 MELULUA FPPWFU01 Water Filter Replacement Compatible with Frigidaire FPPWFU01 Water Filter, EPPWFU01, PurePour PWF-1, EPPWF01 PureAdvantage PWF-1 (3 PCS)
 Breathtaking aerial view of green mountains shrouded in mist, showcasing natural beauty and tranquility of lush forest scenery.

--

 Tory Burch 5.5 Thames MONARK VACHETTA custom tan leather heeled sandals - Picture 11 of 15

==

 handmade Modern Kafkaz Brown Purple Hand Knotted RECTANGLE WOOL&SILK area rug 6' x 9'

▸ INSTRUCTIONS TO FOLLOW:
From the listing above, the lines starting with the one that has "MELULUA FPPWFU01 Water" and running through the one that has "Breathtaking aerial view" should be copied exactly, ends included.

▸ THE COMPLETED TASK:
 MELULUA FPPWFU01 Water Filter Replacement Compatible with Frigidaire FPPWFU01 Water Filter, EPPWFU01, PurePour PWF-1, EPPWF01 PureAdvantage PWF-1 (3 PCS)
 Breathtaking aerial view of green mountains shrouded in mist, showcasing natural beauty and tranquility of lush forest scenery.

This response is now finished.